Big snapper continue into the new year
  |  First Published: December 2012

There is no doubting that Western Port is certainly the location to fish if you’re in search of a big red this season.

In saying that, there are still some secrets to success to bring you to a hero status. These include using fresh bait, fishing well away from other boats and boat traffic, fishing during the night or early morning and of course fishing shallow. Larger fish are quite solitary and rather than compete for food, they enjoy scavenging and hunting by themselves.

The Corinella area has been producing some magnificent snapper with shallower areas holding the larger versions. Mixed in with the reds, some nice gummy sharks can be caught by those willing to sit in the one location. Neil Boal found out first hand how productive this area has been while fishing near the old prison. Neil was using pilchards for bait when he landed a magnificent 4kg snapper on the top of the high tide.

Brad Harding also found success while fishing with his dad one night. Unfortunately, they didn’t manage any snapper but did catch two cracking gummy sharks with the largest one going 8.5kg. Another brute of a snapper was caught by young Marcus and his grandad when they fished a little South from Corinella. Late in the afternoon, they managed to land an impressive 9.5kg snapper on a squid head.

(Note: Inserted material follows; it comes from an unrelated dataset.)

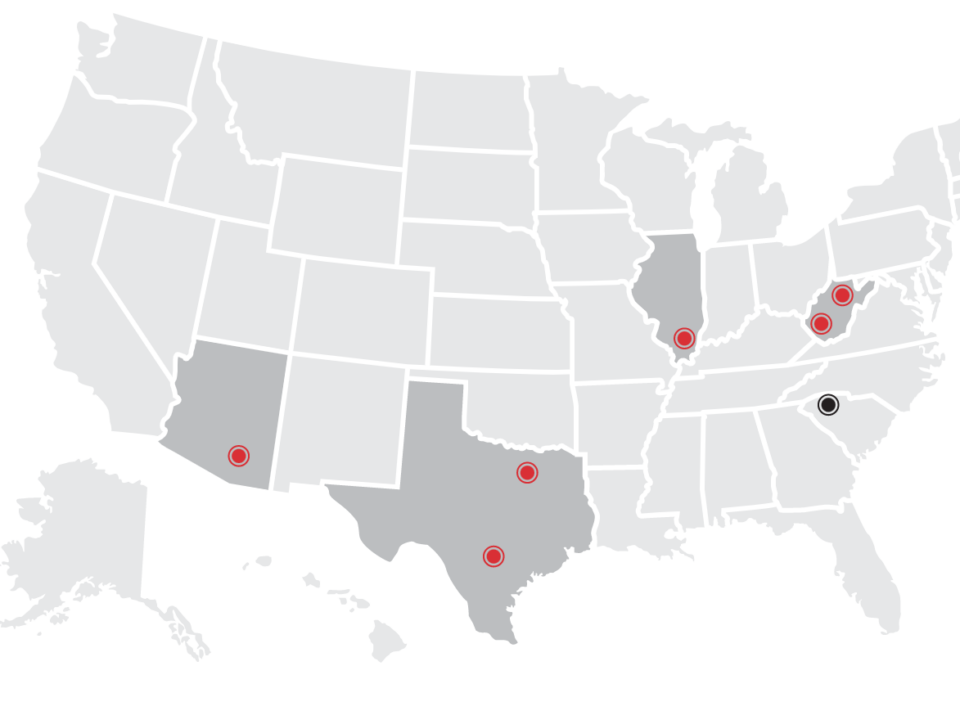 Distribution centers marked on a U.S. map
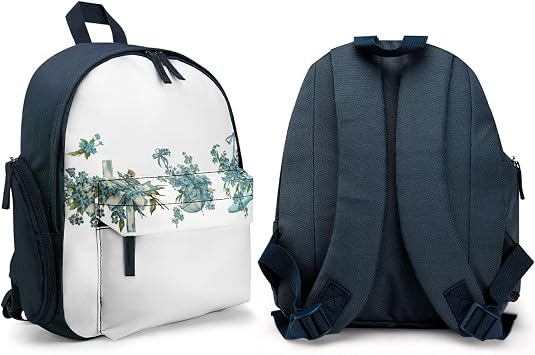 Printed School Backpack Small Kids Backpacks Lightweight School Bags for Girls Boys British Style Flower Basket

The well-known Corals mark has been an exceptional location to find snapper and is due to really hot up in the coming weeks. David Jarman headed out and found some pretty hungry snapper not far from the Corals area. Fishing in 6m of water, David and his mate managed some lovely fish using pilchards, squid and barracouta for bait. Generally when the Corals fires, so does Rhyll and Observation Point.

In recent times these two locations have really come on in a big way with many of the local charter fleet heading here to put their clients onto some very memorable fishing. Darren Hamilton Moore had a cracking session fishing in Western Port with his mates. The boys had a blast catching and releasing good numbers of snapper with some cracking models amongst them. The largest fish was a magnificent 7.2kg brute. Most of the fish have ranged in size from a 1-5kg with the average around 3kg. Pilchards and squid have been the most popular baits used with anglers finding fish in 6-13m. Finding the fish on the sounder has been the key to having a successful session.

The Western Entrance has been fishing considerably well with the likes of Buoy 13, 15, 11 and 5 all supporting good schools of snapper. The current runs quite hard along this stretch so heavy sinkers will be required to hold bottom. I am constantly asked by anglers what weight sinkers they should take, my answer: lots.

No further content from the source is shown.